¡Botá!

Hay gente que roba en dos cuotas.

La primera es cuando le pegan el manotazo al dinero público, no importa a qué estaba destinado: salud, merienda escolar, adultos mayores, personas con discapacidad o fondos de emergencia contra el covid. La segunda es cuando presumen el fruto de sus fechorías a parientes, vecinos, compañeros de trabajo y hasta desconocidos. Necesitan “sobrar” sus lujos pornográficamente obtenidos.

Ese sería el caso de Wilfrido Cáceres, 30 años, exjefe de gabinete de Nenecho en la Junta Municipal, exadministrador de Nenecho en la intendencia y actualmente jefe de gabinete desde que Nenecho se fue –para intentar volver– como intendente electo.
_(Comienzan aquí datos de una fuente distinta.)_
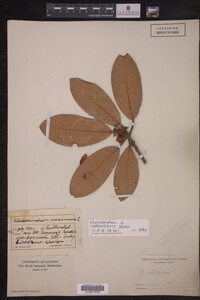 Rhododendron catawbiense image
Si Johanna Ortega no hubiese pedido acceso a la información pública, y si Wilfrido Cáceres no hubiera alardeado sus lujos en redes sociales y hasta en televisión, es poco probable que hubiéramos dibujado en tan poco tiempo el camino del dinero. Con acceso público se hubieran confirmado sobreprecios, adulteraciones, evasiones y hasta posible contrabando. Los hallazgos de los cajones con batas y gorros esterilizados en la Terminal de Ómnibus y en el Palacete Municipal hubieran reforzado la presunción… pero no hubiéramos dimensionado que los fondos del covid sirvieron también para financiar lujosos caprichos.
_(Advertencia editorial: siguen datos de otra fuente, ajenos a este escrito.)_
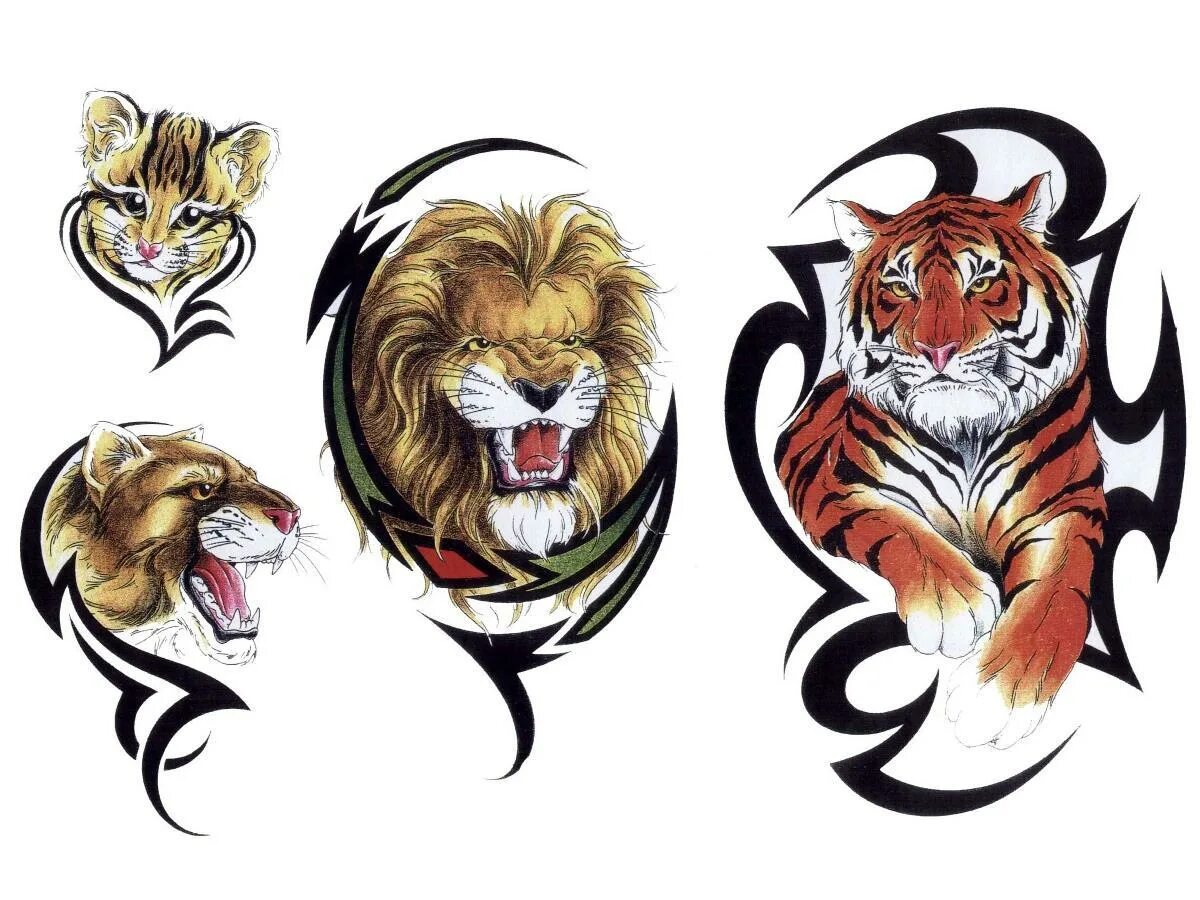 лев родившийся в год тигра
El administrador de Nenecho se movió como elefante en cristalería. Construyó una mansión a todo lujo –erigida en pandemia– que sale de calle a calle en un modesto barrio de San Lorenzo. No le bastó con tocar las cuerdas o los teclados: quiso un programa de televisión donde pudiera mostrar que le iba bien en el cielo de las excentricidades y en la tierra de la farándula de la música. Quiso escuchar vallenatos e importó un actor y músico colombiano; lo trajo cerca del 17 de julio pasado, día del cumpleaños de su esposa, para luego exhibirlo en su programa de televisión. No ahorra en trajes y los luce sin ruborizarse; de buen gusto, fuentes municipales aseguran que en la decoración de su oficina predomina el negro.
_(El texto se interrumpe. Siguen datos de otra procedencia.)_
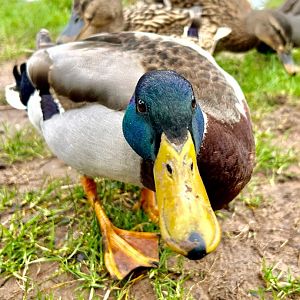 Mallard Duck (Anas platyrhynchos)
Negro como el color de nuestros 16.000 muertos por el covid. El negro de los que murieron sentados en un sillón o ahogados sin conseguir terapia. El negro del Sindicato Nacional de médicos mendigando para comprar protección. El negro de la suciedad de las batas abandonadas en depósitos. El negro de los que sobrevivieron a sus muertos, sin trabajo, sin ahorros, con casas y autos rematados. El negro de una Fiscalía indiferente y abúlica al luto de la sociedad que representa. Así de negro es el color de lo que hicieron. Así de negro es tu futuro si hoy no botás, tirás, arrojás, despedís, echás y expulsás a todos los que te fallaron. Botá malhechores. ¡VOTÁ PATRIA!